Sunday, January 4, 2015

Taking Down the Tree

I don't know about you but I always procrastinate when it comes to taking down the Christmas tree. I have neighbors who park their tree at the curb before New Year's Eve. To me, that's a sacrilege. Taking the tree down is closing the door on Christmas--which happens to be my absolute favorite time of year, so you can imagine my hesitancy. On the other hand, I used to have a neighbor who kept her tree up through Valentine's day, which even for a stalwart fan of Christmas like me, seems a bit too long.

We have always had a fresh cut  tree...until the pivotal  tree episode last year. As usual, we made the 45 minute drive to our favorite Christmas tree farm. This place had all the bells and whistles including a  resident reindeer available for picture taking,  a well stocked Christmas shop, hot chocolate and a train like truck that delivered and picked you up at the forest of your choice. It was a chilly but sunny day and we were one of about fifteen customers who'd chopped down their tree and were in the line for the tree "shaker." I was about to suggest we do our own shaking at home when it was our tree's turn. After all of the  dead needles were shimmied off  my husband and a helper hoisted the tree to the top of our SUV. My hubby said he could take it from there.
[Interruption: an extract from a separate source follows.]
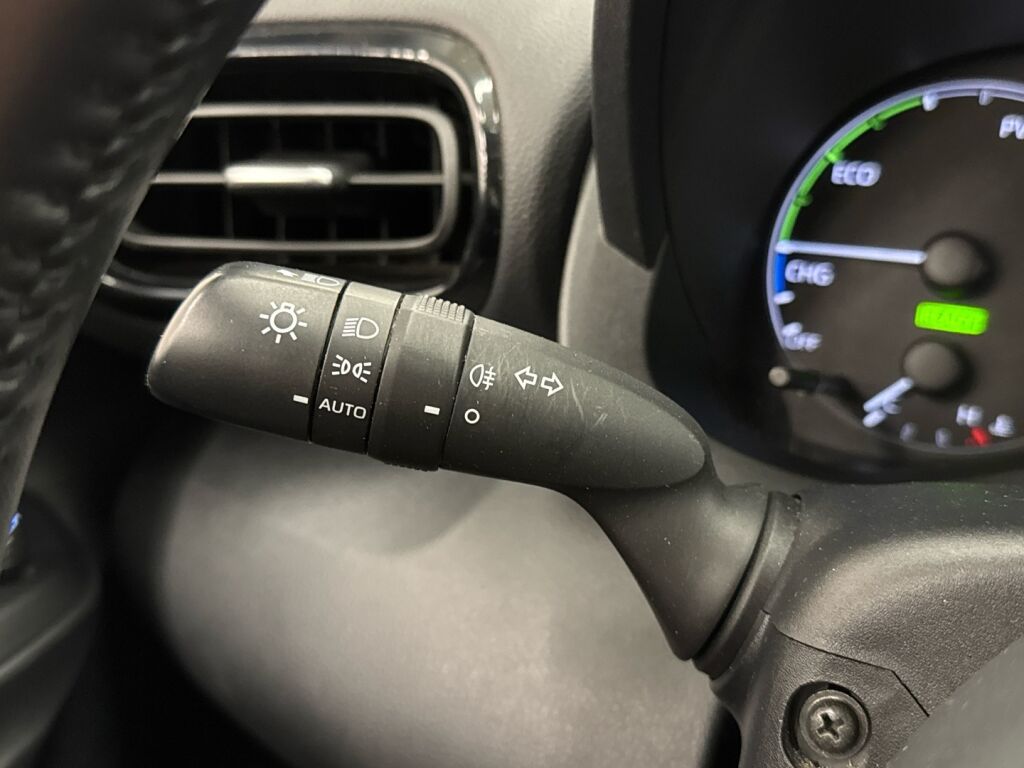 Toyota Yaris 2022 Valkoinen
He opened all the doors, rolled down the windows, then shut the doors. He was so intent on securing the tree that we never questioned why he did so. Then I noticed several men with their hands folded across their chests, staring at our car, with the trussed up tree, chuckling. Then I got it. My  husband had tied all the doors shut and we were locked out.  I don't know if it was to save face or not, but my husband was not about to disassemble his handiwork. So, four large adults had to crawl through the tail gate to get into their seats. When we returned home, we all exited the car through the tailgate as my favorite neighbor watched, doubling over in laughter.

At my husband's suggestion, this year...we purchased a beautiful, pre-lit Christmas tree from Balsam Hill. I'm not sure if  he had an aversion to returning to "our" favorite tree farm or he's simply leaning towards  convenience. What ever the reason, I finally have my most realistic Fraser Fir tree. Post Christmas, all we have to do is remove the ornaments and trot the tree down to the basement. No needles to clutter the carpet, no water will be spilled from the tree stand and no dragging it out to the curb. It's a win-win for everyone. 

The only thing I'm going to getting our photo taken with Rocket the reindeer.